Google Pregel: a system for large-scale graph processing

helwr · on June 22, 2010

here is a brief summary

Pregel defines a sequence of supersteps (execution cycles) which are executed in parallel on the entire (partitioned) graph.

The supersteps are executed by worker threads, synchronized by global synchronization points and coordinated by a master. Pregel keeps vertices and edges on the machine that performs computation and uses network only for message passing.

Within a superstep each vertex executes the same user-defined function. There is no message passing between vertices during the superstep but the vertices will recieve their messages in the next cycle only.

There are no remote reads, or shared memory concepts like locks, mutexes and semaphores - it is a "pure message passing model".

Vertex can modify its state, or that of its outgoing edges, receive messages sent to it in the previous superstep, send messages to other vertices (to be received in the next superstep) or even change the topology of the graph.

Vertex state machine has two states Active/Inactive. a vertex is activated by a message received from a previous superstep. A vertex deactivates itself by "voting to halt". When all vertices are deactivated and there are no messages in transit the algorithms terminates.

The output of Pregel program is a set of outputs emitted by vertices, could be a directed graph or a set of disconnected vertices or aggregate stats.
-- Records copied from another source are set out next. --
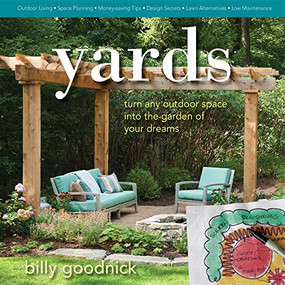 Yards (Turn Any Outdoor Space into the Garden of Your Dreams) by Billy Goodnick, 9780985562212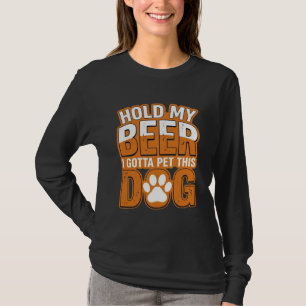 Halt mein Bier, ich muss diesen Hund streicheln Lu T-Shirt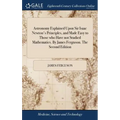Astronomy Explained Upon Sir Isaac Newton's Principles, and Made Easy to Those who Have not Studied Mathematics. By James Ferguson. The Second Edition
The authors mention Valiant's "Bulk Syncronous Parallel model" as the main inspiration behind this model (I've found only ACM link: http://portal.acm.org/citation.cfm?id=79181)

----------------------

PageRank in Pregel:

class PageRankVertex

: public Vertex<double, void, double> {

public:

virtual void Compute(MessageIterator* msgs) {

if (superstep() >= 1) {

double sum = 0;

for (; !msgs->Done(); msgs->Next())

sum += msgs->Value();

MutableValue() =0.15 / NumVertices() + 0.85 sum; }

if (superstep() < 30) {

const int64 n = GetOutEdgeIterator().size();

SendMessageToAllNeighbors(GetValue() / n); } else {

VoteToHalt(); } } };

kiwidrew · on June 22, 2010

I'd love to find a PDF of the full paper; we hear so much about MapReduce, and this is essentially the map-reduce approach as applied to graphs.

The best reference about Pregel I've been able to find so far is a one-page announcement, published last year: http://jloxim.mimuw.edu.pl/redmine/attachments/11/p6-malewic...

nerme · on June 22, 2010

MapReduce is already being applied to graphs.

Spectral graph theory, ie, the construction and manipulation of graphs that are described by matrices, has been around for quite some time. Two types of matrix representations are typically used. Adjacency matrices and Laplacian matrices.

Page Rank is an example of this. It is equivalent to finding the centrality of a graph, by computing the primary eigenvector of the adjacency matrix of the graph.

MapReduce is used for accomplishing the difficult task of computing the needed eigenvector of a multi-billion dimensional matrix. Instead of attempting an exact computation of the primary eigenvector, the power method is used. The power method is an iterative approach that quickly approaches an approximation of the eigenvector. It comes down to looping over a matrix multiplied by a vector until you get the precision you're looking for.

The cool thing about the power method is that you don't REALLY need to get your data in to some sort of linear algebraic representation of a matrix, you can just use more efficient data structures to mimic matrix multiplication.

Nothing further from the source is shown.